Araştırmacılar mezarlığın, Peru'daki kadim insanların piramitler ve büyük binalar inşa etmeye başladığı döneme ait olduğunu söylüyor

Ölenler taştan kolye uçları ve salyangoz kabukları gibi cenaze eşyalarıyla gömülmüş (Trujillo Ulusal Üniversitesi)

Peru'daki arkeologlar, İnka öncesi dönemden kalma bir su tarikatı tapınağında, yaklaşık 3 bin 800 yıllık tuhaf bir mezarlık ortaya çıkardı. Bu keşfin, Güney Amerika tarihi anlayışını "yeniden tanımlayabileceğini" söylüyorlar.

Kazı alanında, taştan kolye uçları ve salyangozlar gibi sembolik adaklarla birlikte, dağlara dönük bir şekilde yan yatmış halde gömülmüş iki çocuk, bir ergen ve bir yetişkin olmak üzere 4 kişi bulundu.

Araştırmacılar, daha önce bu tapınak alanıyla 3 bin yıldan daha eski bir su tarikatı arasında bir bağlantı kurmuştu.

fazla oku

Bu bölüm, konuyla ilgili referans noktalarını içerir. (Related Nodes field)

Son kazı 51 metrekarelik küçük bir bölümü, yani tapınak alanının yaklaşık yüzde birini kapsıyordu ve arkeologlar iri kaya parçalarından yapılmış ve kil sıvayla sabitlenmiş duvarların yanı sıra çömlek parçaları da keşfetti.

Bu duvarlar, yaklaşık MÖ 1800'den MÖ 900'e uzanan Erken Oluşum dönemindeki mimarinin karakteristik özelliklerinden olan kavisli köşelere sahipti.

Bu, Peru'daki kadim insanların ilk piramitler de dahil olmak üzere seramik kullanarak büyük binalar inşa etmeye başladığı bir dönemdi.

Araştırmacılar, yeni keşfedilen mezarlığın, Peru'nun yaklaşık 600 yıl önce inşa edilen en ünlü arkeolojik alanı Machu Picchu'dan daha eski olduğunu ve kıtada yaşayan tarih öncesi medeniyetlere dair "canlı bir kanıt" sunduğunu söylüyor.

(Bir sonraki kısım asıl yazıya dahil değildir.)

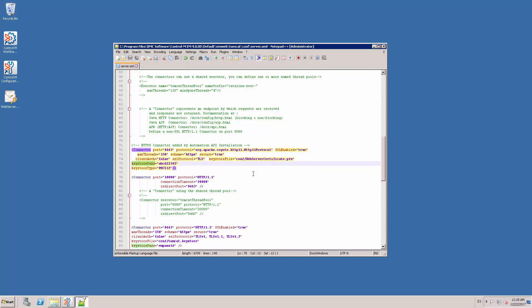The keystore pass parameter contains the password that has been set for the PFX file. This information must be provided by the team that has generated the PFX certificate. In this case, this is my password. We need to type it in clear text.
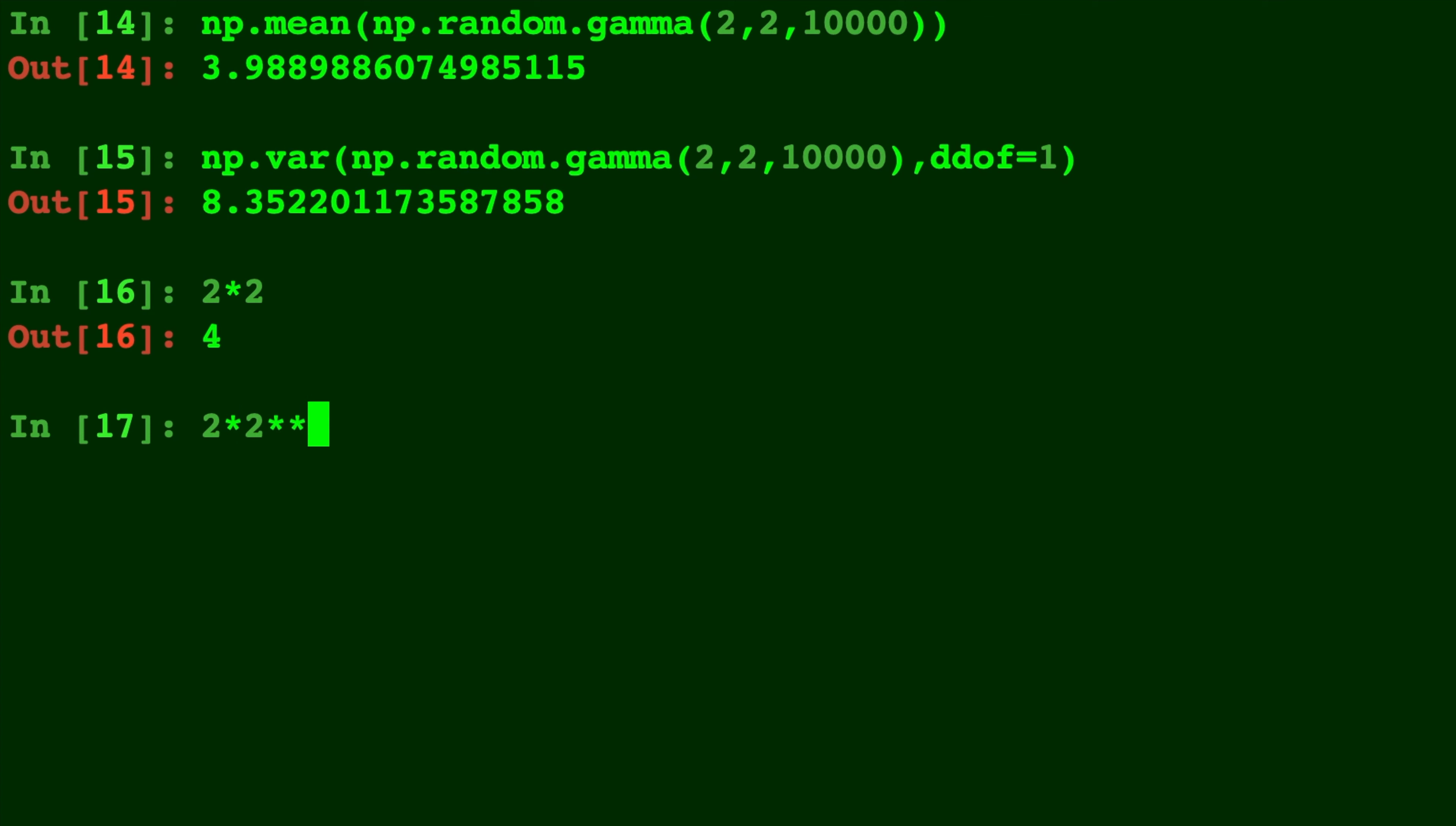Now, the reason is the mean is basically your shape times your scale, or some people call it k and theta. And your variance is going to be your shape times your scale squared.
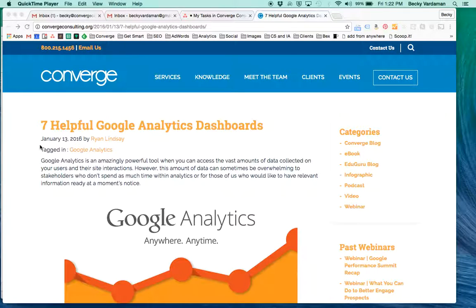This is Becky Vardaman with Converge Consulting. Earlier this year, my friend and colleague Ryan Lindsey posted this great blog to our blog, 7 Helpful Google Analytics Dashboards.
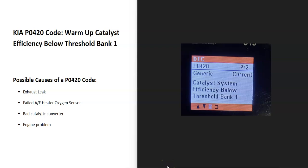Today I'm talking about a Kia with the P0420 code — what it is and how you go about fixing it. A Kia P0420 code is a warm-up catalyst efficiency below threshold bank one.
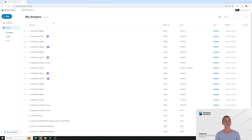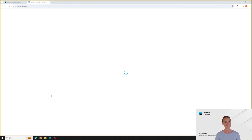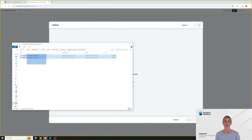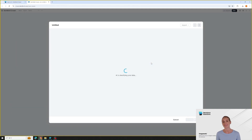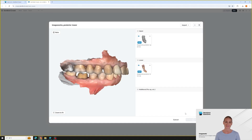Let's upload a case. With DentBird, there are no complex order forms. Just enter a name for the case, drag and drop the scan data, and there — as soon as you upload the scan data, DentBird automatically detects the upper and lower arches. Now we're ready for some AI design.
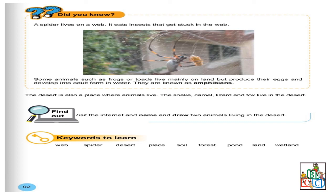Keywords to learn. Les mots clés, donc les mots qu'il faudra apprendre par cœur, c'est web, spider, desert, place, soil, forest, pond, land, wetland.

Arkeolog Feren Castillo Luján "Kazı alanında keşfedilen eski seramik parçaları, Moche vadisindeki Gramalote ve Virú vadisi kıyısı yakınındaki Huaca Negra gibi başka önemli yerleşimlerde bulunan parçalara benziyor" dedi.

İnsanların 15 bin yıldan daha fazla süredir Peru'da yaşadığına dair kanıtlar var ama insanlar Peru kıyılarında siyasi sistemleri olan toplumlar yaratmaya en erken MÖ 5000-3000 civarında başlamıştı.

Bunun ardından, yaklaşık MÖ 2000'de insanlar arasında kurumsallaşmış dinlerin ortaya çıktığına yönelik kanıtlar bulunuyor.

Bu tarih öncesi halkın kendisine ne isim verdiği veya komşu halkların onlara nasıl hitap ettiği hâlâ net değil.

İnsanların karışık inanç sistemlerinin ortaya çıkmasını sağlayan koşullara dair halihazırda çok az şey biliniyor.

Bilim insanları, And kozmolojisinde dağların sembolik bir önem taşıması sebebiyle cesetlerin dağlara dönük bir şekilde yerleştirilmesinin birtakım ipuçları verebileceğini düşünüyor.

Kurak topraklarda dağlar da sulama kaynağı olduğu için araştırmacılar, cesetlerin elemente saygı sunmak üzere o pozisyona getirildiğini tahmin ediyor.
 

Cerro de Las Animas'taki bir tapınağın kazı alanında mitolojik bir kuş yaratığı oyması (Ucupe Kültürel Peyzaj Arkeoloji Projesi)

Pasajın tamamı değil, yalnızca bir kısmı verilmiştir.